Each of these empires was composed of numerous ethnic groups, but they were not multinational in the sense of granting equal status to the many peoples that made up their populaces. The governing monarchy and landed nobility often differed in language and ethnic origin from the urbanized trading class, whose members in turn usually differed in language, ethnicity, and often religion from the peasantry. In the Hapsburg and Romanov empires, for example, merchants were usually Germans or Jews. In the Ottoman Empire, they were often Armenians, Greeks, or Jews. And in each empire, the peasantry was itself ethnically diverse.

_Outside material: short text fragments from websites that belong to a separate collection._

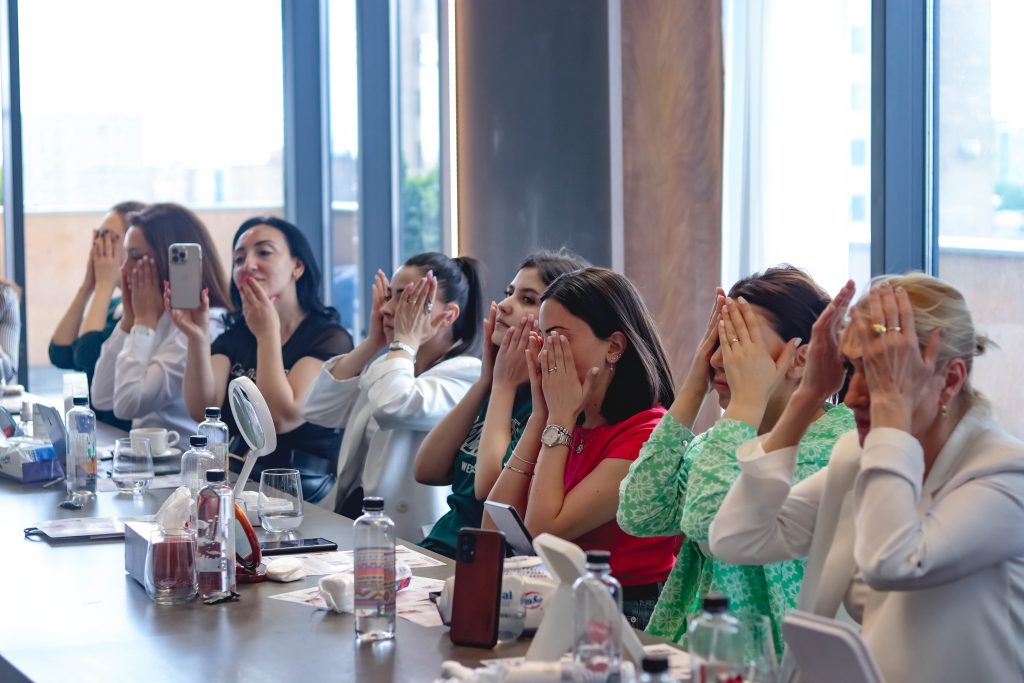 Դեմքի ֆիթնես Աննա Զուվեայի հետ միասին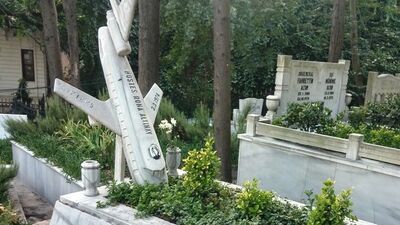 Düşen D-10, mezartaşı oldu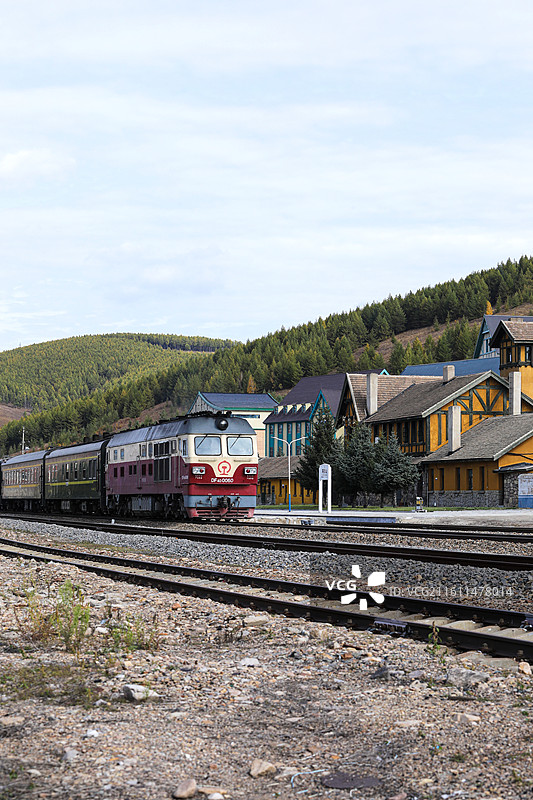 秋天内蒙古阿尔山交通运输火车站及绿皮火车图片素材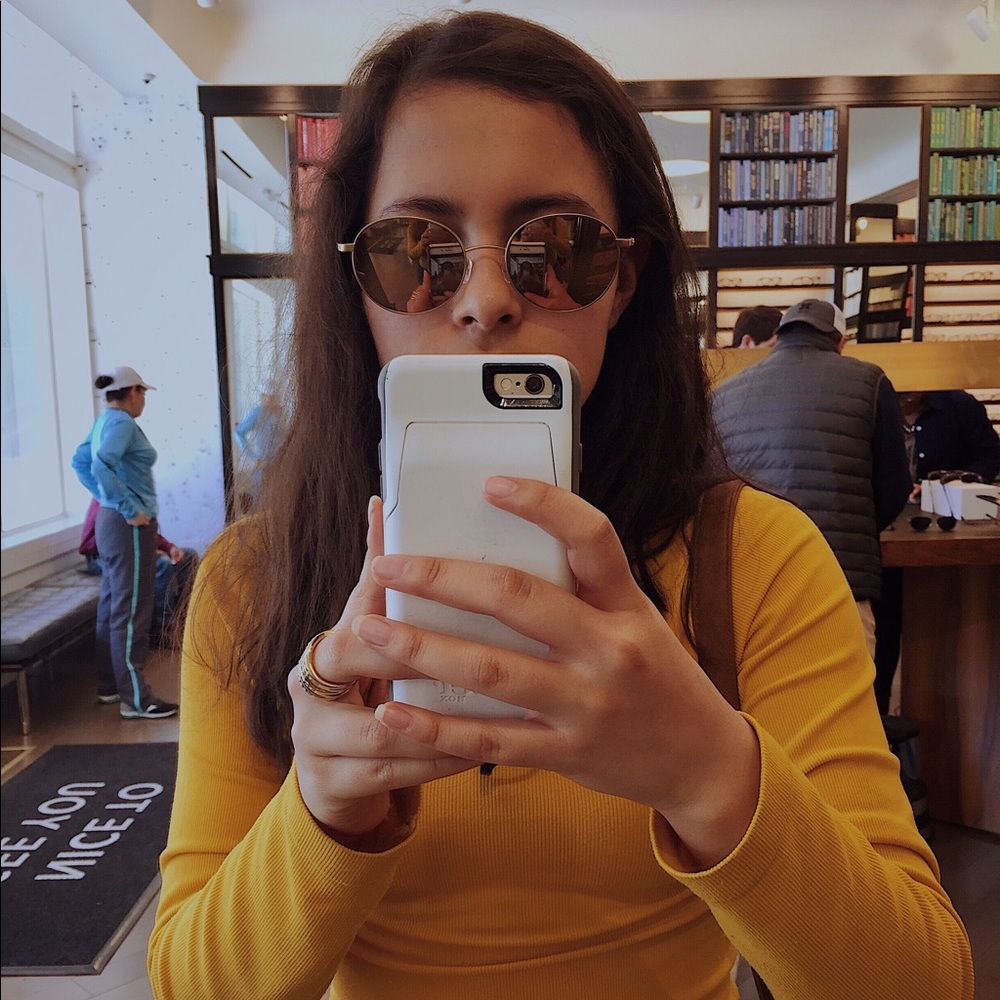 Meet your Posher, Nicole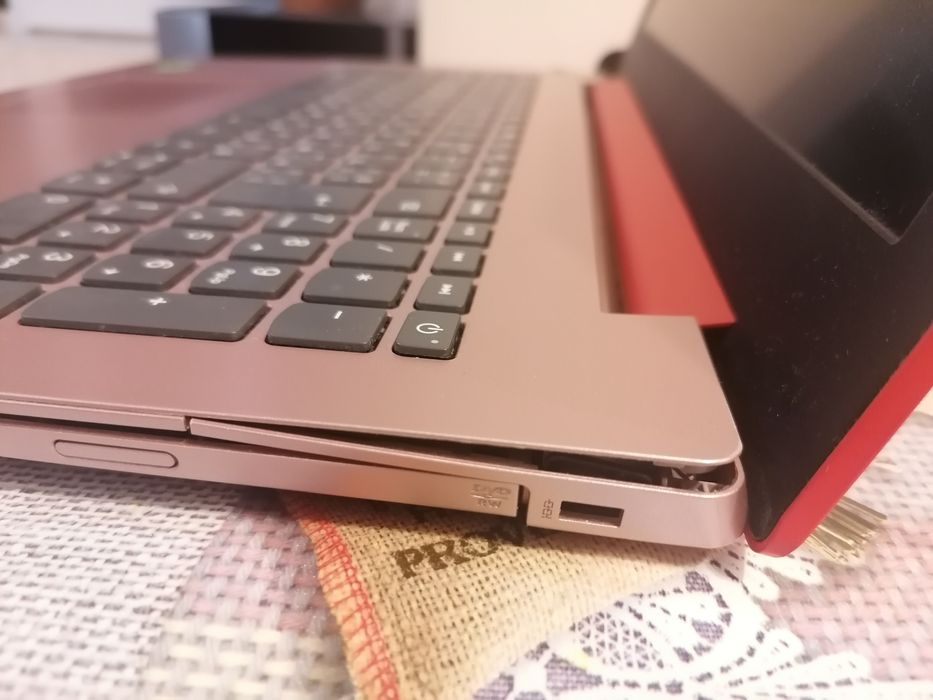 Лаптоп Lenovo Ideapad 320-15IKB (за части/надграждане)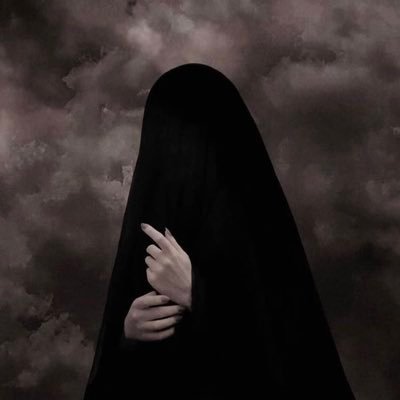 muvazeneti's profile picture. “...İçimdeki ummanı önce sızdırmış sonra taşırmışım.”   Okul Öncesi Öğretmenliği 🎓                    Yazılar bana aittir. İzinsiz alınmasına rızam yoktur.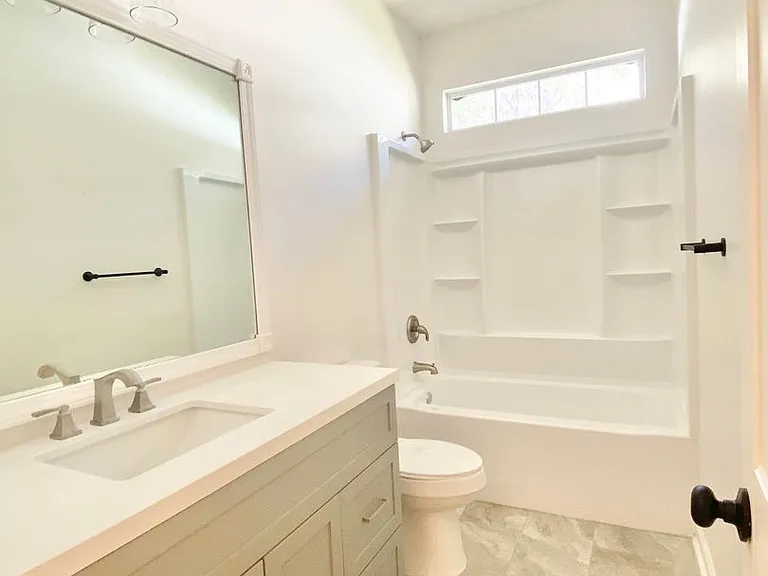 129 Tappan Zee Dr — Photo 11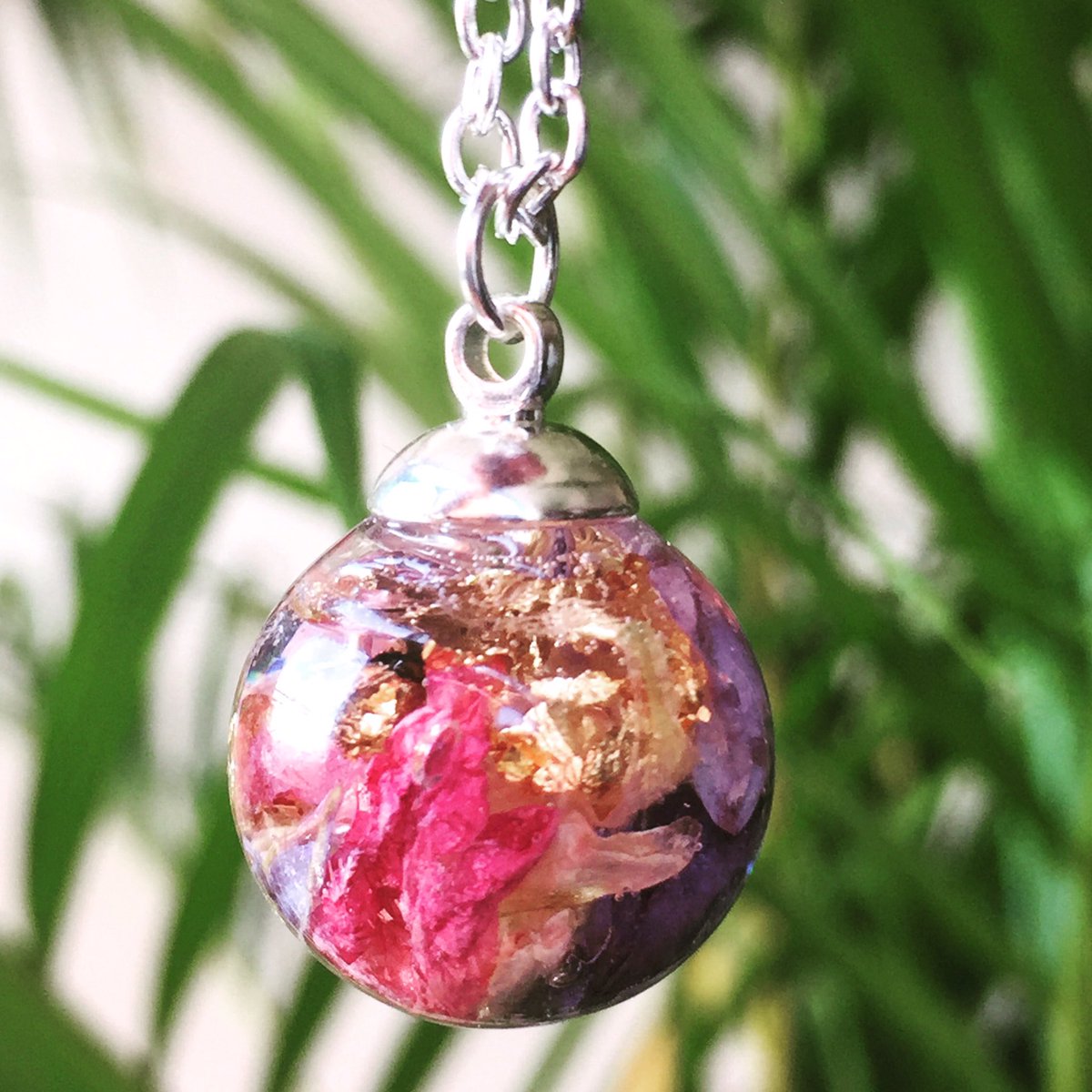 Capture a piece of summer in these grogeous delphinium, hydrangea &amp; gold leaf orb necklace by <a href="/ameowdesigns/">Ameow Designs</a> 🥀made with British grown flowers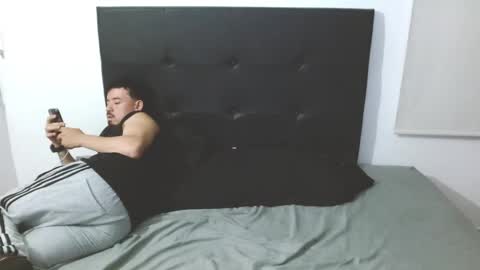 useronlypurple777 online show from 10.31.25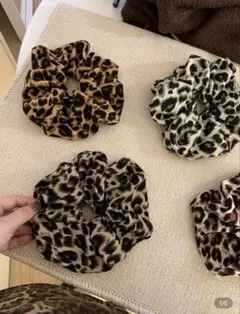 シュシュ　ヒョウ柄　レオパード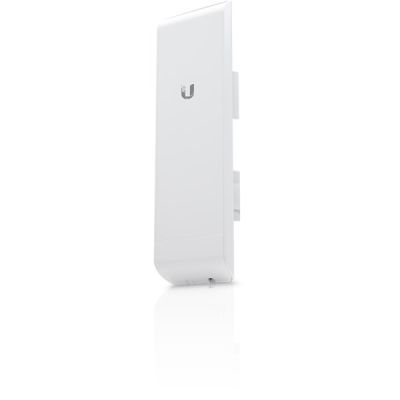 18. UISP Wireless airMAX 2.4 GHz Ubiquiti airMAX NanoStation M2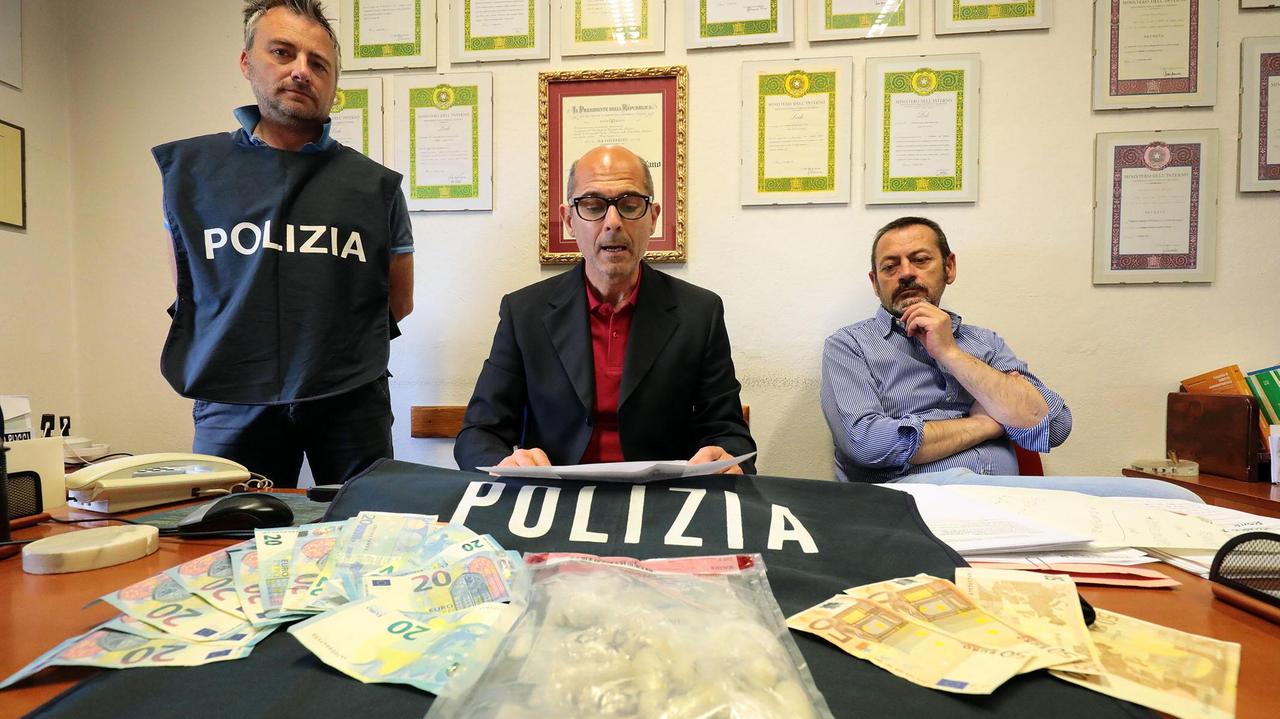 Uno dei più recenti sequestri di droga da parte della polizia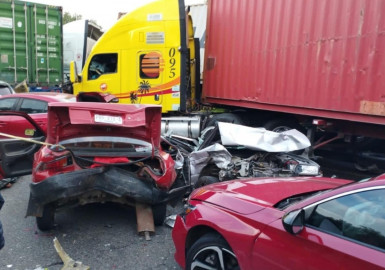 Carambola en Michoacán deja 6 muertos y 10 heridos 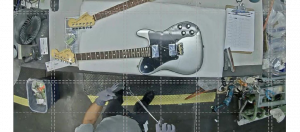 美國知名電吉他製造商Fender,目前在樂器組裝工作站上就有採用AWS企業級電腦視覺套裝設備Panorama,來快速建立自己的電腦視覺應用,用以改善與優化吉他組裝流程。(圖片來源/AWS)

Up through the nineteenth century, these societies were still largely agrarian: most people lived as peasants in the countryside, and few were literate. Political, social, and economic stratifications usually correlated with ethnicity, and people did not expect to change their positions in the system. Until the rise of modern nationalism, all of this seemed quite unproblematic. In this world, moreover, people of one religion, language, or culture were often dispersed across various countries and empires. There were ethnic Germans, for example, not only in the areas that became Germany but also scattered throughout the Hapsburg and Romanov empires. There were Greeks in Greece but also millions of them in the Ottoman Empire (not to mention hundreds of thousands of Muslim Turks in Greece). And there were Jews everywhere -- but with no independent state of their own.

THE RISE OF ETHNONATIONALISM

Today, people tend to take the nation-state for granted as the natural form of political association and regard empires as anomalies. But over the broad sweep of recorded history, the opposite is closer to the truth. Most people at most times have lived in empires, with the nation-state the exception rather than the rule. So what triggered the change?

The rise of ethnonationalism, as the sociologist Ernest Gellner has explained, was not some strange historical mistake; rather, it was propelled by some of the deepest currents of modernity. Military competition between states created a demand for expanded state resources and hence continual economic growth. Economic growth, in turn, depended on mass literacy and easy communication, spurring policies to promote education and a common language -- which led directly to conflicts over language and communal opportunities. Military competition à demand for resources à demand for economic growth à demand for literacy and easy communicationà demand for education and common language à conflicts over language and communal opportunities.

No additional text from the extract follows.